▶ [YOUR OBJECTIVE]
Everything from the line containing "Hudson Valley Wellness" through the final line of the entries, both included, should be copied exactly and with nothing else; please skip pictures.

== Segment start ==

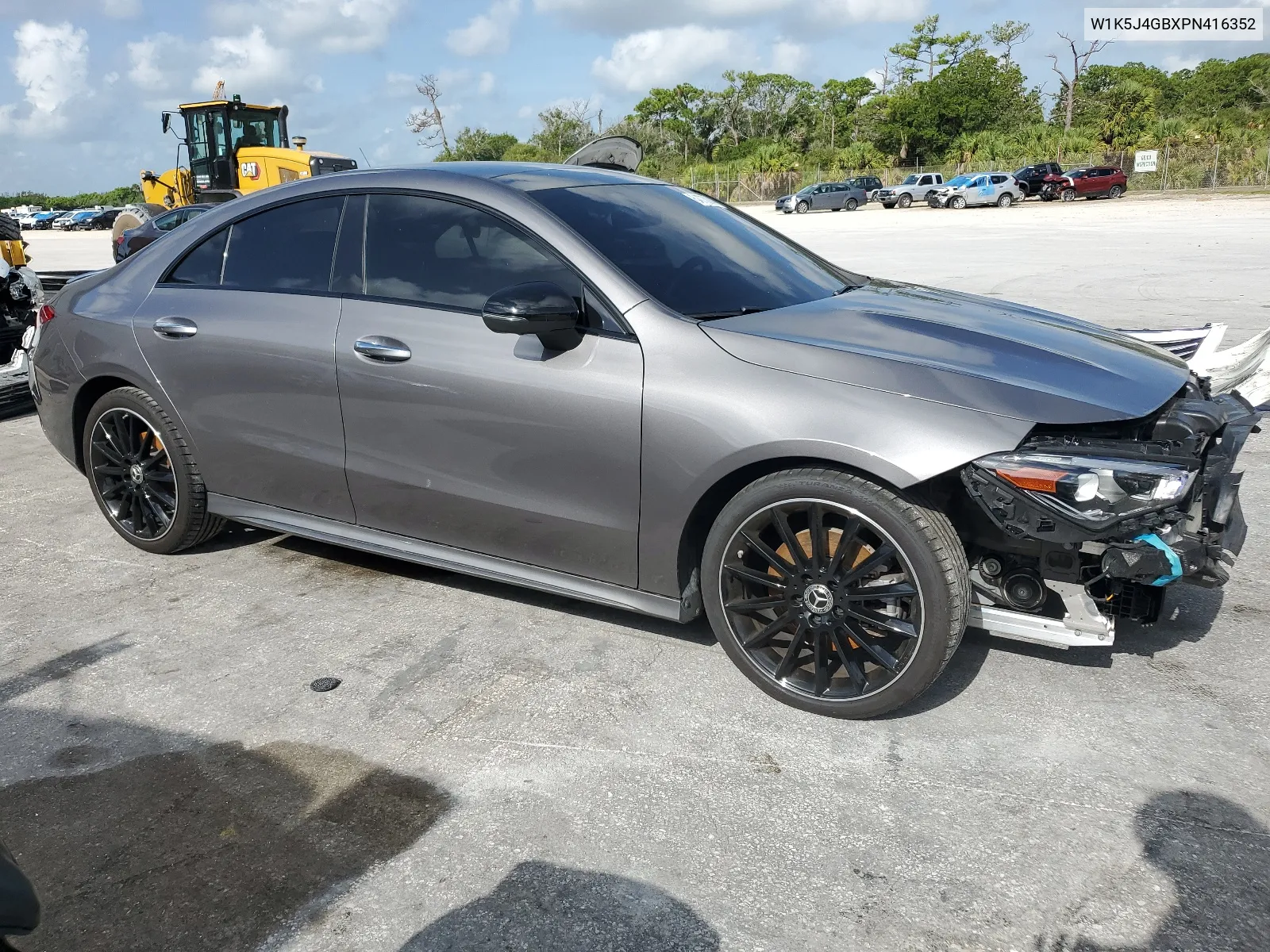 2023 Mercedes-Benz Cla 250 VIN: W1K5J4GBXPN416352 Lot: 64073074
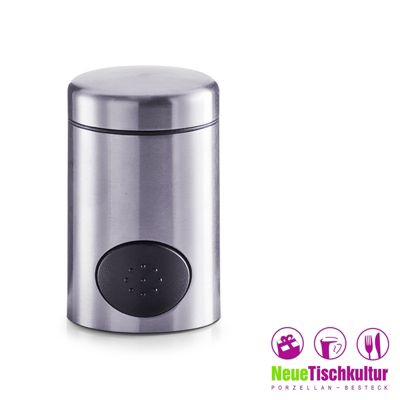 Süßstoff-Spender Edelstahl, silber, Neuetischkultur | yomonda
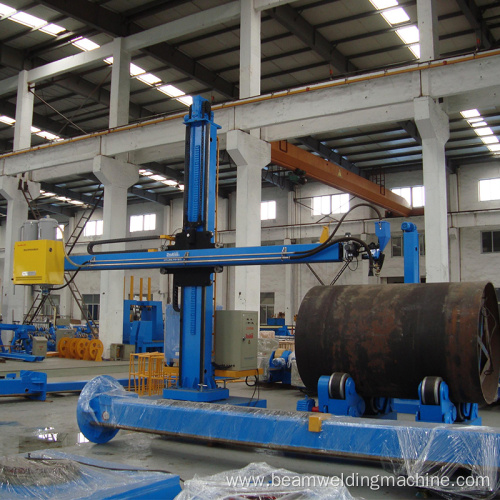 Column and Boom Welding Manipulator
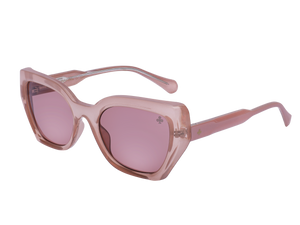 Rosa Valentine Square Sunglasses - 8805 Crystal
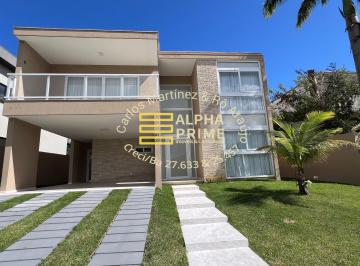 Casa de 4 quartos, Camaçari · Casa a venda em Alphaville Litoral Norte, 4 suítes excelente.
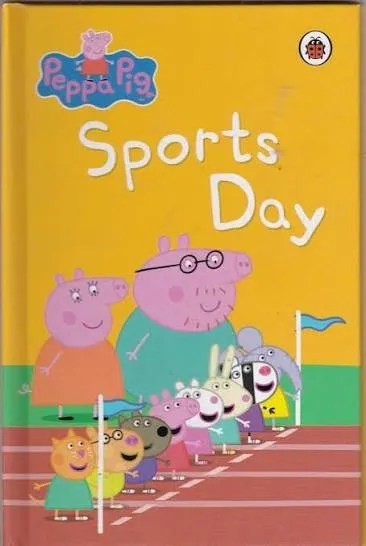 Peppa Pig Book: Sports Day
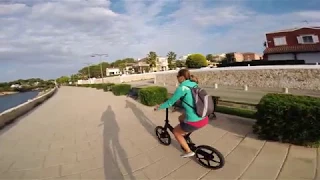 2016 – GoCycle testing in Ciutadella, Menorca – HR54 Cloudy Bay – Oct 2017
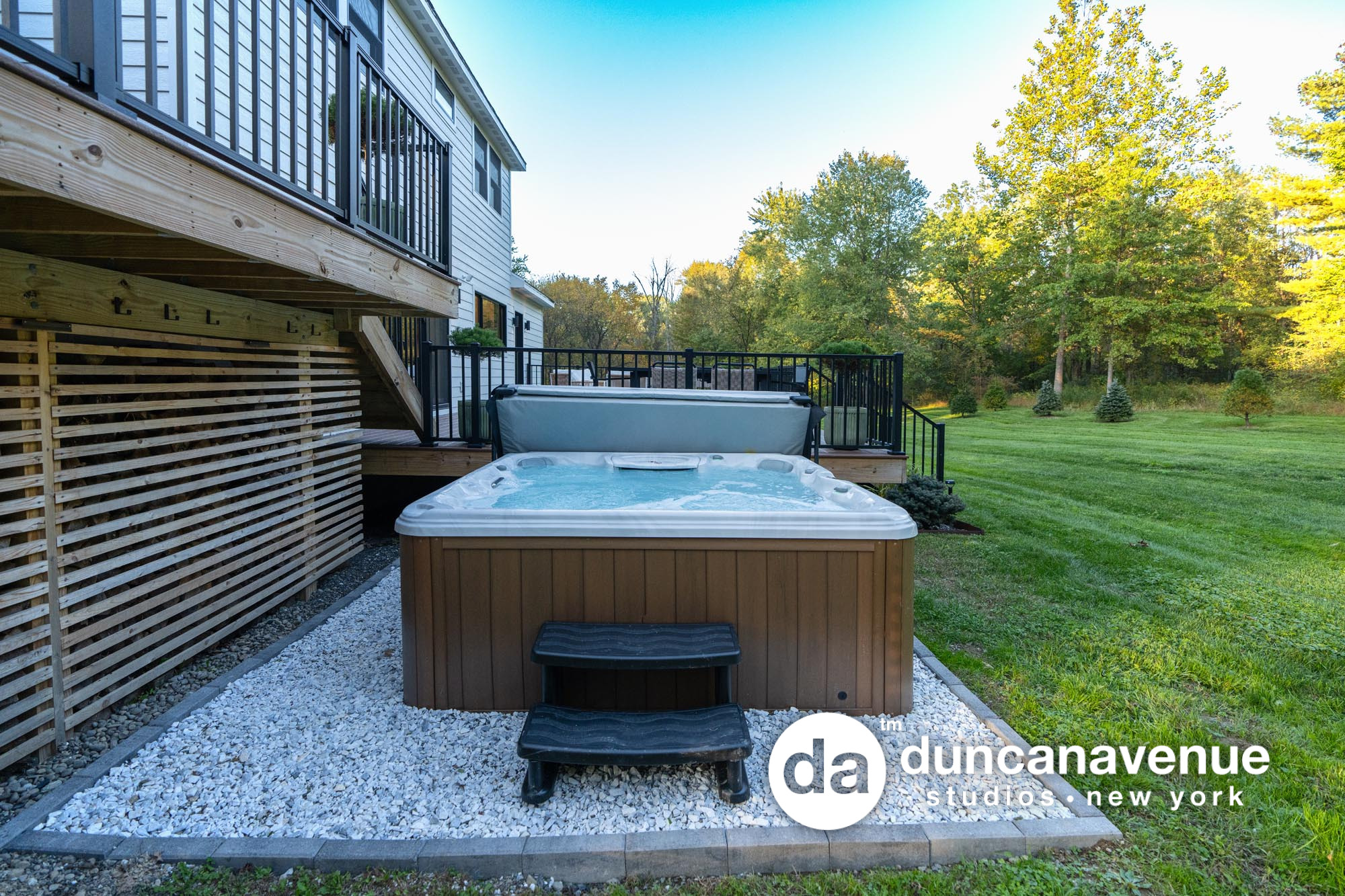 Hudson Valley Wellness Hideaway: Wallkill River Airbnb Retreat with a Hot Tub and Private Gym – Presented by Alluvion Vacations – World-Class STR and Vacation Rental Management in Hudson Valley and Catskills – Hospitality Photography by Alluvion Media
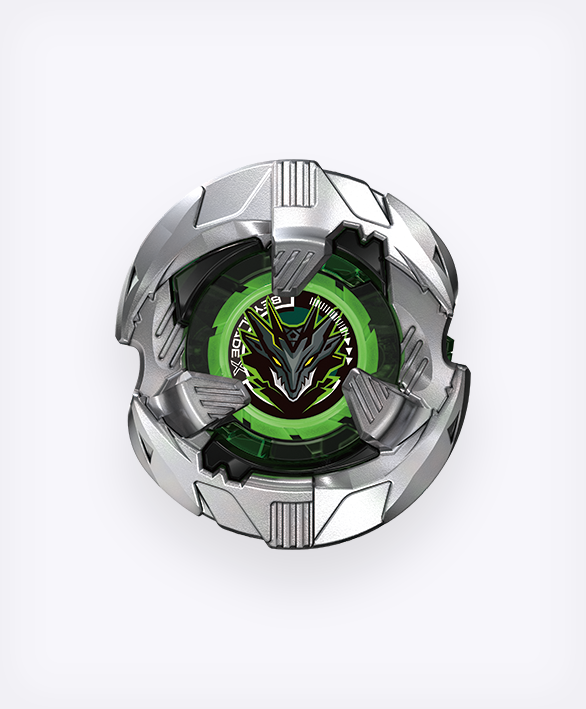 Takara Tomy BEYBLADE X BX-39 Random Booster Shelter Drake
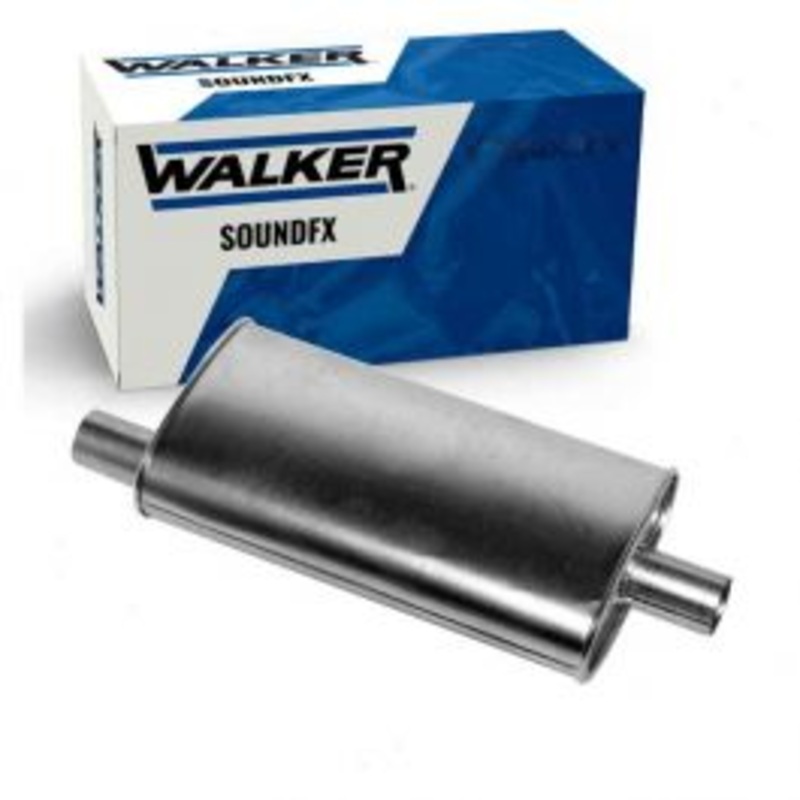Walker SoundFX Exhaust Muffler for 1988 Dodge B150 3.9L 5.2L V6 V8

== Segment end ==

▶ [FINISHED TASK]
 Hudson Valley Wellness Hideaway: Wallkill River Airbnb Retreat with a Hot Tub and Private Gym – Presented by Alluvion Vacations – World-Class STR and Vacation Rental Management in Hudson Valley and Catskills – Hospitality Photography by Alluvion Media
 Takara Tomy BEYBLADE X BX-39 Random Booster Shelter Drake
Walker SoundFX Exhaust Muffler for 1988 Dodge B150 3.9L 5.2L V6 V8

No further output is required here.